Abstract: The aim of the study is to apply techno-economic evaluation for selecting a feasible alternative to enhance a co-generation power generation capacity of a palm oil mill. The co-generation plant is using Empty Fruit Bunch (EFB) as fuel. The basis of the technical evaluation is to compare three alternatives on increasing the co-generation power generation capacity. Alternative 1 is to consider installing a new high capacity boiler to the current cogeneration system and maintaining the current turbine. Alternative 2 is to install a new high efficiency back pressure steam turbine and maintain the current boiler. While Alternative 3, is to install high capacity an extraction steam turbine and maintain the current boiler. Present worth analysis is used for economic evaluation. Both the capital and operational expenditures are taken into account in assessing the present worth of the alternatives. Results from the technical and economic analysis have identified Alternative 2 as the most feasible alternative. Since substantial quantity EFB are available in Malaysia and being used as fuel for power generation at the palm oil mills, the approach could be useful for enhancement of co-generation capacity of the mills.
INTRODUCTION
Palm oil residues, shell, fiber and Empty Fruit Bunch (EFB), have been used to generate electricity (Husain et al., 2003; Sumathi et al., 2008; Bazmi et al., 2011; Shafie et al., 2011, 2012; Begum and Saad, 2013). The residues are used as fuel to the boilers. The steam from the boiler is used to run back pressure steam turbine to generate electricity for plant use. As of 2009, the amount of electricity generated by using shell, fiber and EFB are 5792.13, 1578.19 and 46, 346.15 GW h, respectively (Kalinci et al., 2011; Shafie et al., 2012).

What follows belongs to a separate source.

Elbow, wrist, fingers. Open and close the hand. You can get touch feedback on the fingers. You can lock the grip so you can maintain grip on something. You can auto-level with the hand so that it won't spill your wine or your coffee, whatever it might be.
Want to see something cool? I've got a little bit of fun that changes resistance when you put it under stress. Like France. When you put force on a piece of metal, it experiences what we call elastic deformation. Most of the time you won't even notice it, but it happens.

It is reported that the turbines and boilers have low thermal efficiencies at most of the cogeneration plant at the palm oil mills (Husain et al., 2003). Since, the palm oil residues have the highest potential of generating electricity from among the biomass components in Malaysia (Shafie et al., 2012), it is important to enhance the electricity generating capacity of the palm oil mills. One approach is through equipment refurbishment or upgrading of the cogenerating plants of the palm oil mills. In order to achieve optimum returns on the refurbishment or upgrading exercise, the scope of evaluation should cover both the technical as well as economic. This case study explores the use of both of these approaches to evaluate the feasibility of increasing the power generating capacity of a cogeneration plant for the palm oil mill.
PROBLEM STATEMENT
The case study is a palm oil mill located in Kalimantan, Indonesia. It operates a cogeneration system using biomass residue as fuel to operate the boiler. The boiler produces high pressure and temperature steam that expands in a backpressure steam turbine and produces electric power for the internal needs of the mill. The exhaust steam from the turbine goes to an accumulator (LP steam main) that distributes the steam to various processes in the mill. The configuration of the cogeneration plant is as shown in Fig. 1.

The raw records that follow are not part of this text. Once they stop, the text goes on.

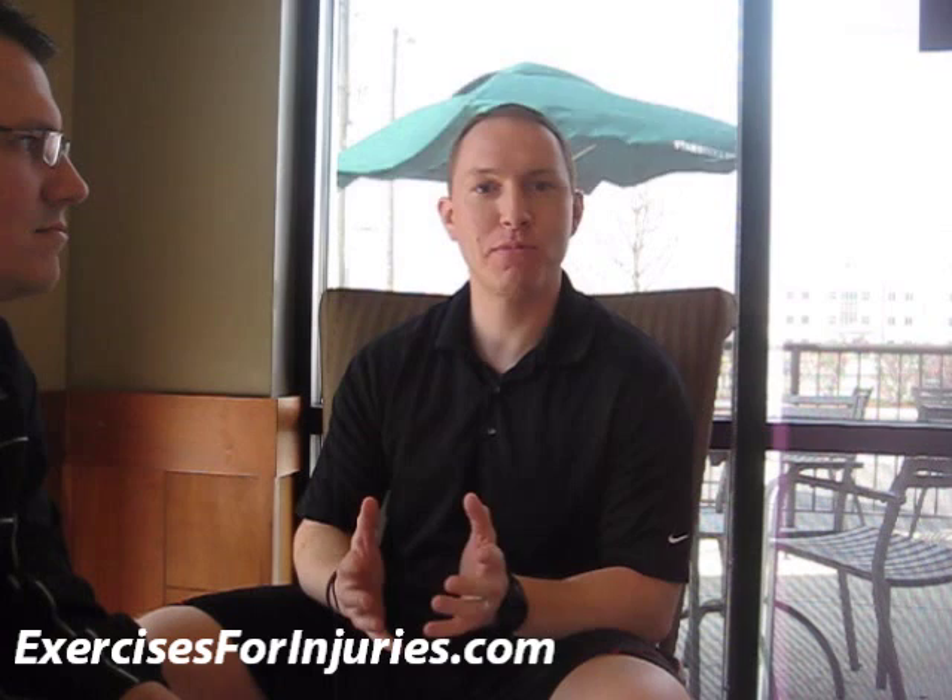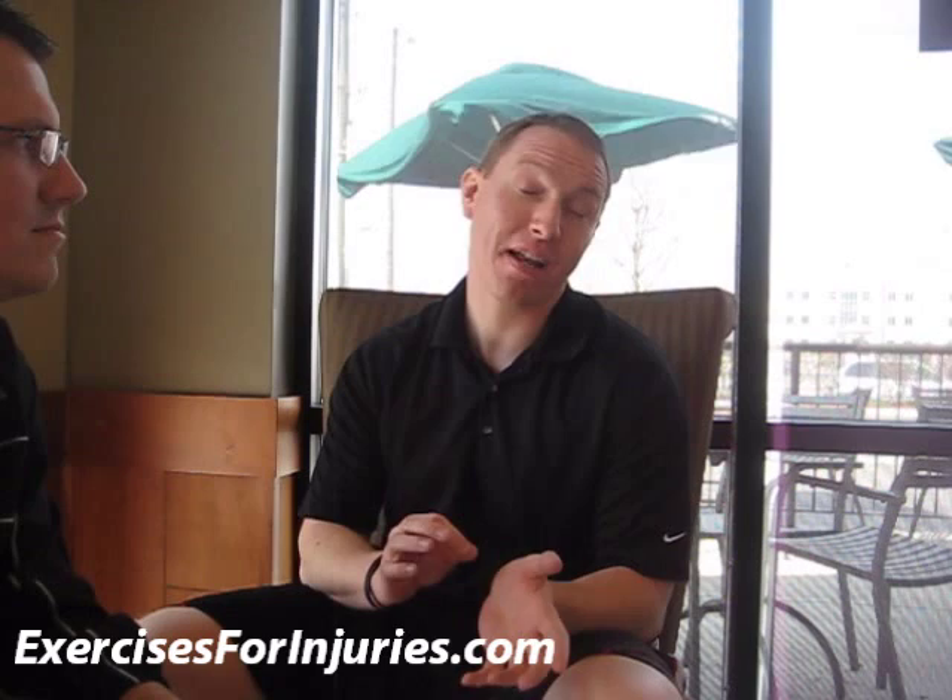A lot of times you're going to see people that have knee issues — it's not so much the hip or the knee itself that's the problem, as it is the hip and the ability for them to control their hip and therefore control their knee. So that's one of the basic things I would look at. It gives you a lot of feedback as to what's going on and what kind of issues they may need to address in their training.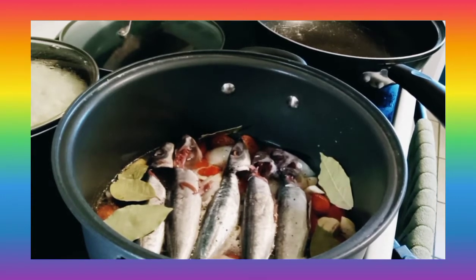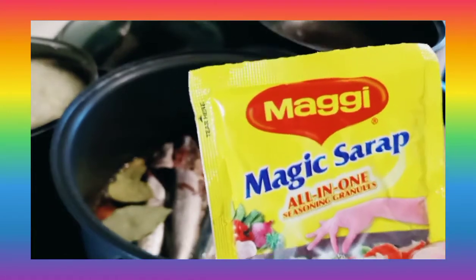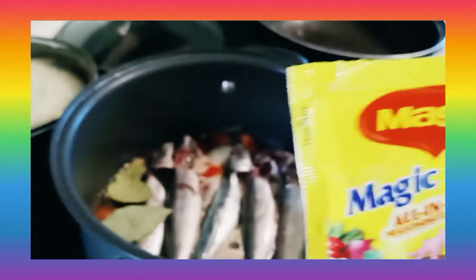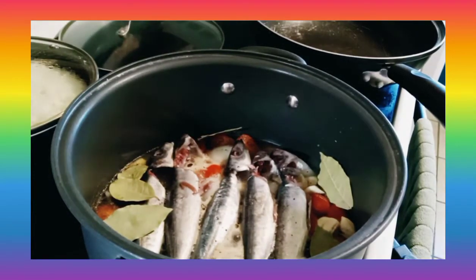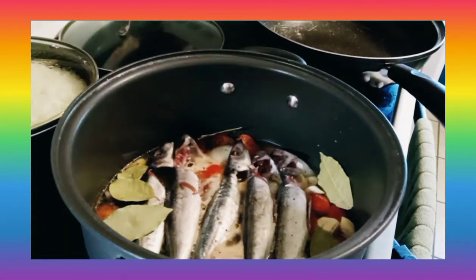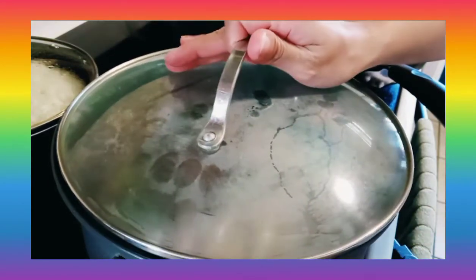The chili will be added once the paksiw is already boiling. I will also add the rest of the Maggie magic syrup — this is not a promotion, I just like to use this. I will only use half of the package, especially because I already have salt. So we have to cover this for a couple of minutes and it's very quick.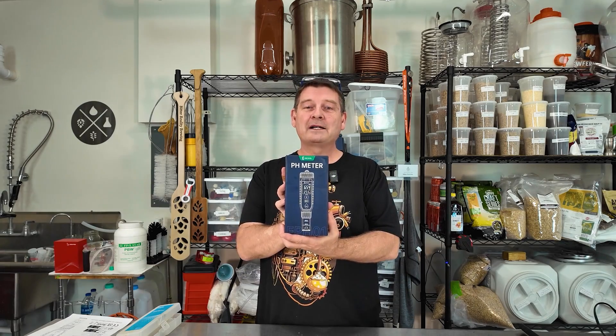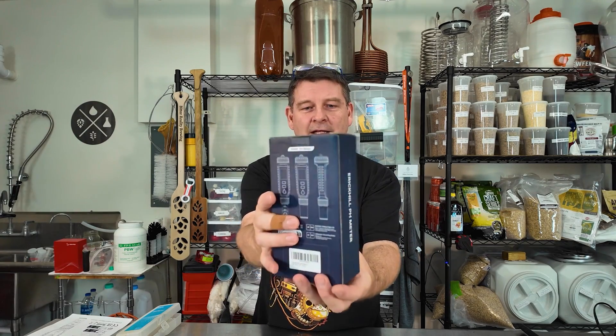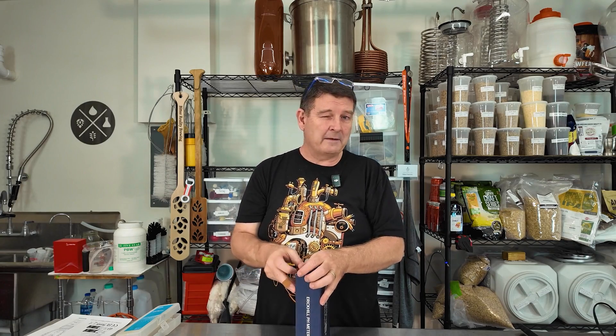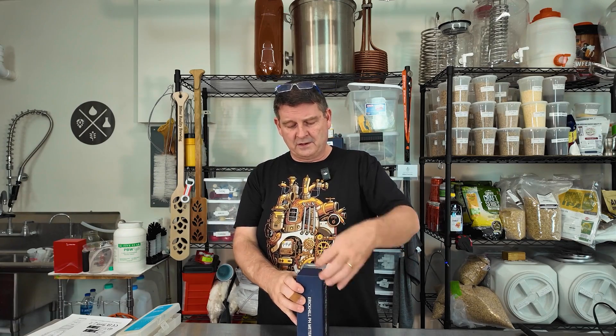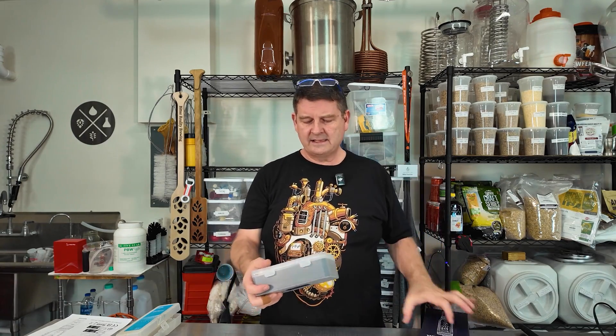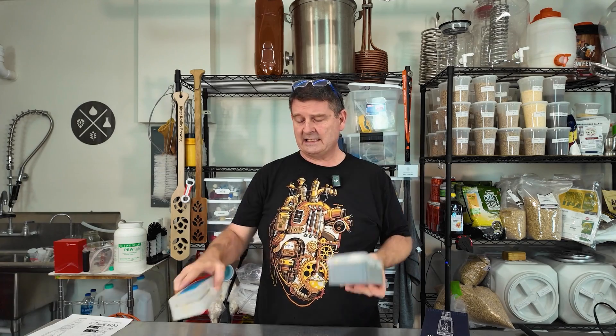So we're gonna do an unboxing — I'll show you the front, side, and the back. It's a very very nice pH meter and it comes with pretty much everything you need, and I do mean everything you need. So you open it up — a nice case, everything's packed in that case. Significantly different size case, more stuff in this case.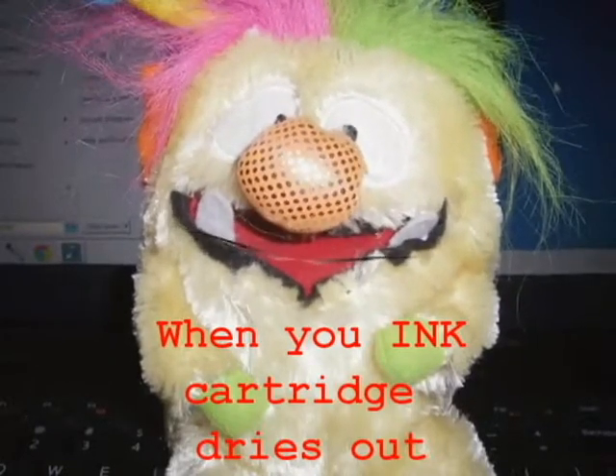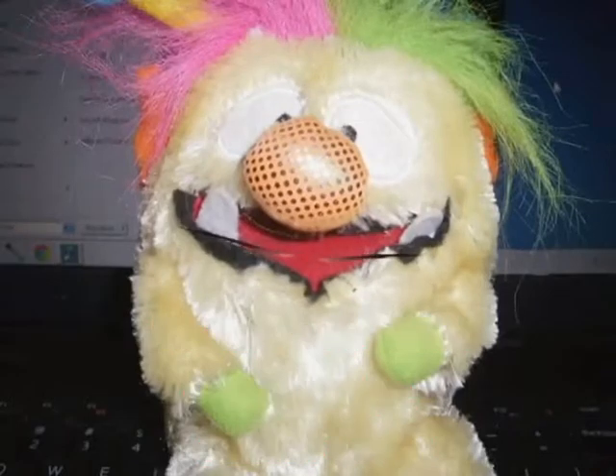Remember, there are no bad computers or printers, only bad human owners. Ta-ta for now.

The mill is integrated with Kernel Crushing plant and Composting plant. This arrangement differs from the normal palm oil mill set-up. The integration is necessary in order to accommodate the needs of fertilizer for field usage to restructure the soil and overcoming the limitation of transportation in dispatching palm kernel.
| Fig. 1: | Cogeneration plant of the palm oil mill showing the main equipment and the steam distribution system |
| Table 1: | Alternatives that have been identified to increase the capacity of the cogeneration plant |
With these additional integrated plants, the total kW load of the plant has increased from the current about 1000-1300 kW. The existing cogeneration system used in the mill is insufficient to meet the need of the additional plants.
The main equipment of the cogeneration plant consists of a boiler with design capacity of 35 ton h-1 and one unit of back pressure steam turbine with rated capacity of 1398 kW. The boiler supplies steam to turbine through HP Steam Main at 20 barg saturated steam and 30 ton h-1 steam flow rate. The back pressure steam turbine running on part load consumed at about 30 ton h-1 steam exhausted to LP Steam Main at 3.1 barg. The let-down also was installed and equipped with pressure sensor integrated with process stream to fulfill the process demand whenever turbine operating on part load and fluctuation on process steam consumption. The maximum power that can be generated by the turbine is 1030 kW at 32,000 kg h-1 dry saturated steam. Higher capacity boiler is required in order to generate 1300 kW using the existing steam turbine. To address this problem three alternatives as listed in Table 1 have been identified.
MATERIALS AND METHODS
The objective of this study is to determine the best selection from the three alternatives as shown in Table 1. Method that was used is divided into two phases.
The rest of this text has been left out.